Our implementation is based on Llama-Factory and verl. Therefore, you can refer to their repository to prepare the environment.

For initialization data, we use the preference data from Skywork, and we present the processed data with thinking trace annotation in data directory.

For thinking optimiazation, we use the preference data from Helpsteer2 and HH-RLHF. To achieve the strength annotation, we leverage the preference annotation from hh-rlhf-strength-cleaned.
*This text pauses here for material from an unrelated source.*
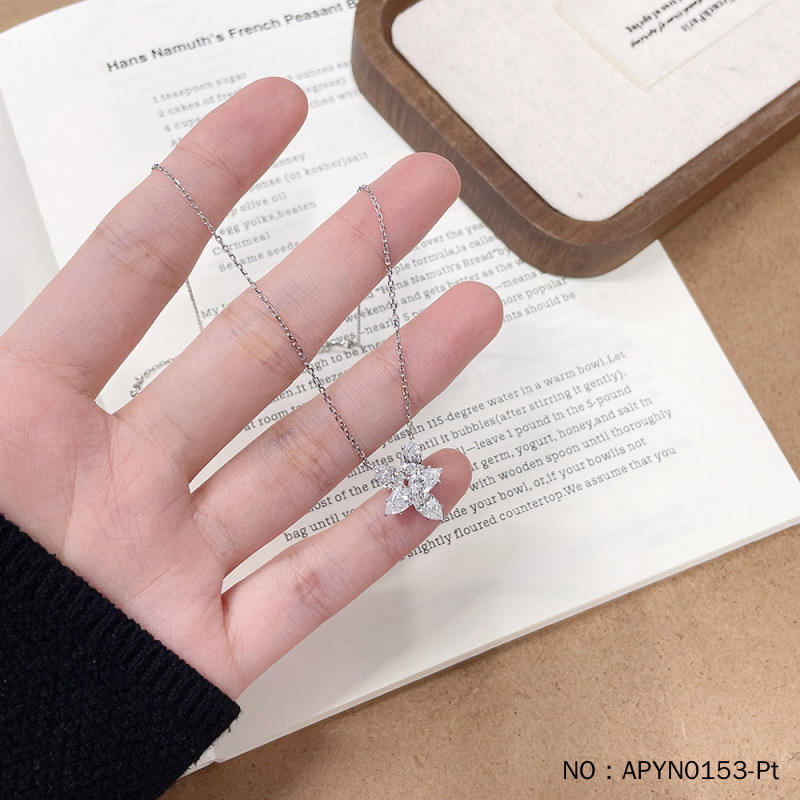 PT950 Platinum Pear Cut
Please download them and present them in your data directory.

Judgment Thinking Initilization

Based on the LIMJ707 data, initialize the judge with thinking ability based on Supervised Fine-tuning.

DATASET="helpsteer2"
MODEL="Qwen2.5-7B-Instruct"
PROMPT=strength
DATA_DIR=/path/to/your/data
MODEL_DIR=/path/to/your/model
R1JUDGE_VER="judge-skywork707-${PROMPT}-671BR1"
R1CRITIC_VER="critic-skywork707-${PROMPT}-671BR1"
BASE_PATH=/data/cpfs_0/bumblebee/TuningFactoryModels/${MODEL}
MOS_REPO=${MODEL}-STaR

DATA=skywork707-${PROMPT}-671BR1-judgement.json
bash train_sft.sh ${MODEL_DIR}/${MOS_REPO}-${R1JUDGE_VER} $DATA_DIR/${DATASET}/$DATA ${MODEL_DIR}/${MODEL}

DATA=skywork707-${PROMPT}-671BR1-critique.json
bash train_sft.sh ${MODEL_DIR}/${MOS_REPO}-${R1CRITIC_VER} $DATA_DIR/${DATASET}/$DATA ${MODEL_DIR}/${MODEL}

Judgment Thinking Optimization

Based on preference data, optimize the thinking ability of the judge based on either offline RL or online RL.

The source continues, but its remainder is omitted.